John Dowd, the lawyer for President Donald Trump who resigned last week, floated potential pardons of former Trump advisers Michael Flynn and Paul Manafort as special counsel Robert Mueller’s investigation closed in, according to a New York Times report published Wednesday.
Three unnamed sources told the Times that Dowd discussed offering presidential pardons for Flynn, the president’s former national security adviser, and Manafort, Trump’s former campaign manager, as Mueller’s investigation into Russian interference in the 2016 election mounted.
Dowd had discussions with attorneys for Flynn and Manafort shortly after he took over as Trump’s personal lawyer last summer, according to the Times. Dowd reportedly told Flynn’s attorney, Robert K. Kelner, that Trump felt the case against Flynn was flimsy and that the president was prepared to pardon him.
Flynn has since pleaded guilty to lying to the FBI about his contacts with the Russian government. After news of the plea broke in December, Dowd told The Wall Street Journal that he was “not worried about it.”
The former Trump lawyer spoke to Manafort’s legal representation about a pardon in October, before Manafort was indicted on charges of conspiracy and money laundering in connection with the Russia investigation, the Times reported.
Read more at The New York Times.
When asked about the reports during a Wednesday press briefing, White House press secretary Sarah Huckabee Sanders denied any conversation of pardons.

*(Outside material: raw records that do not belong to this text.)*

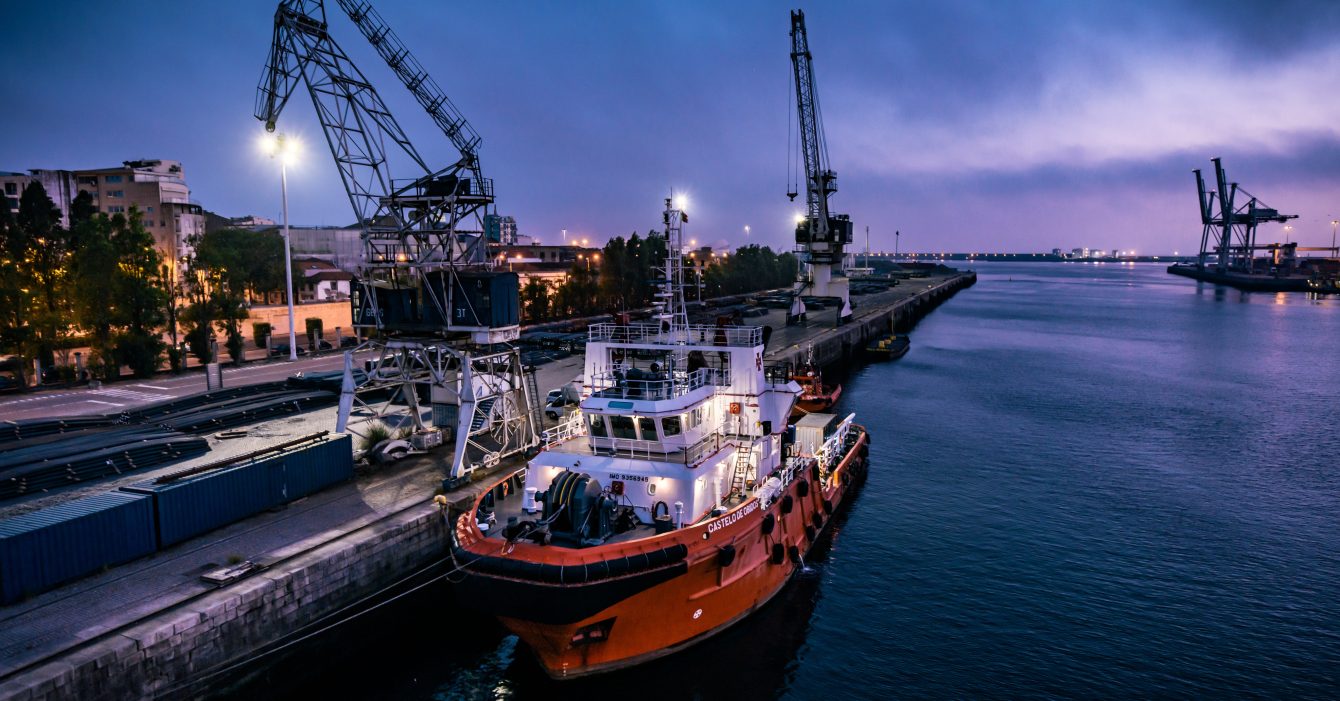 7594f55068d3ee6f7de31f8fce7e5c84 7594f55068d3ee6f7de31f8fce7e5c84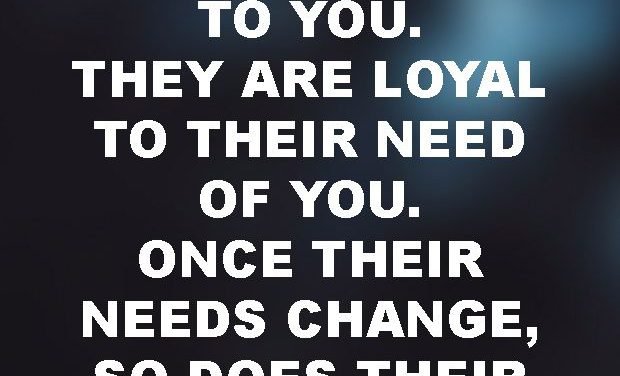 15 Quotes To Dedicate To Your Soul-Sucking Ex-BFF (Girl Bye!)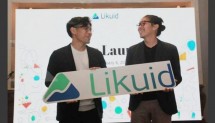 Likuid Projects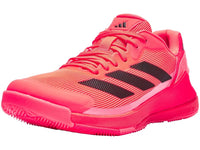 Adidas Crazyquick LS Red - Padelup - Pakistan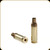 Peterson - 6.5x47 Lapua (SRP) Brass - 50ct - 40038-R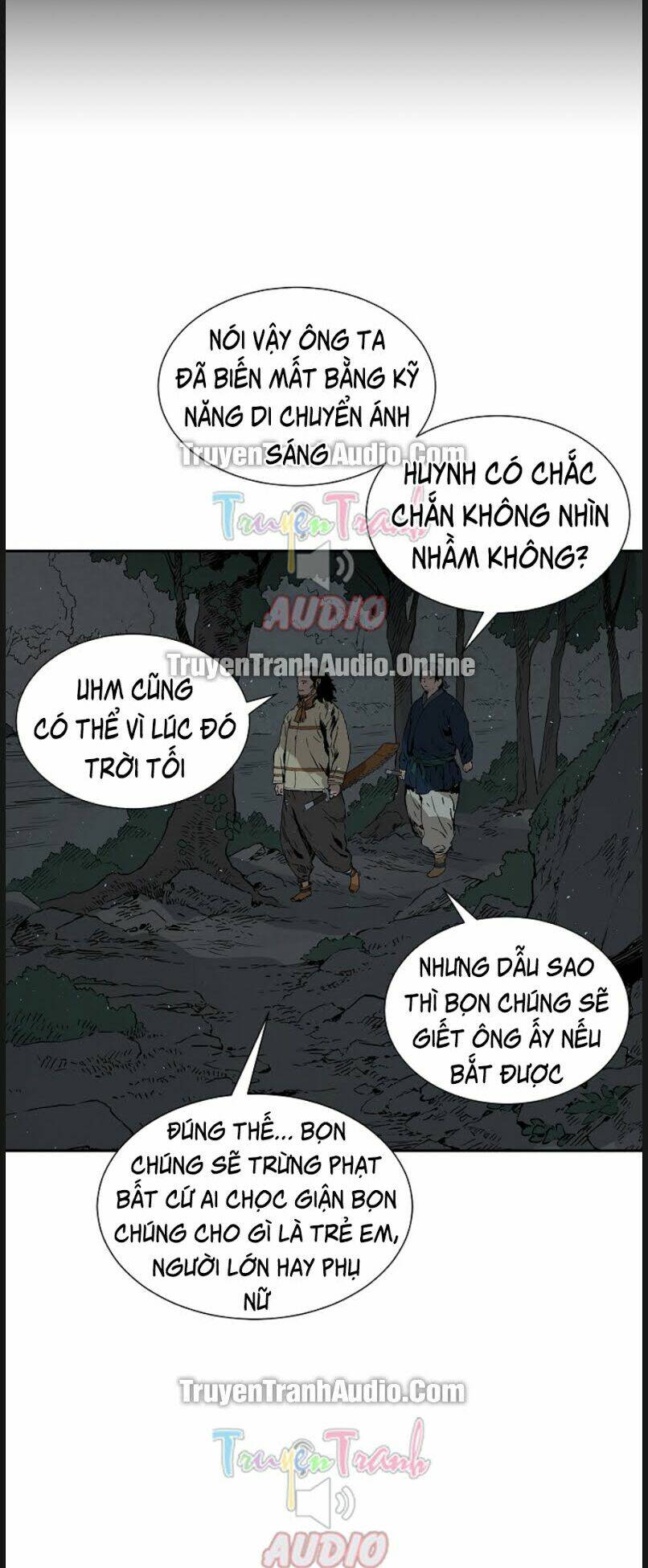 Chương 41 - Trang 22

“I would refer you back to the statement from [White House lawyer] Ty Cobb and the report you’re asking about, in which he said, ‘I’ve only been asked about pardons by the press and have routinely responded on the record that no pardons are under discussion or consideration at the White House,’” Sanders told reporters in the briefing room.
The White House has repeatedly denied any collusion with Russia in regard to the 2016 election.
Trump has attacked Mueller’s investigation a number of times, especially as Mueller increases pressure on the president. Mueller issued subpoenas to the Trump Organization demanding documents referencing Russia earlier this month.
The president’s aggression toward Mueller’s investigation has prompted a number of concerns that Trump will push to fire the special counsel. Nine Democratic senators signed a letter Tuesday urging senior officials at the Justice Department to publicly defend Mueller against the White House.
This story has been updated to include comments from White House press secretary Sarah Huckabee Sanders and more background on the Russia investigation.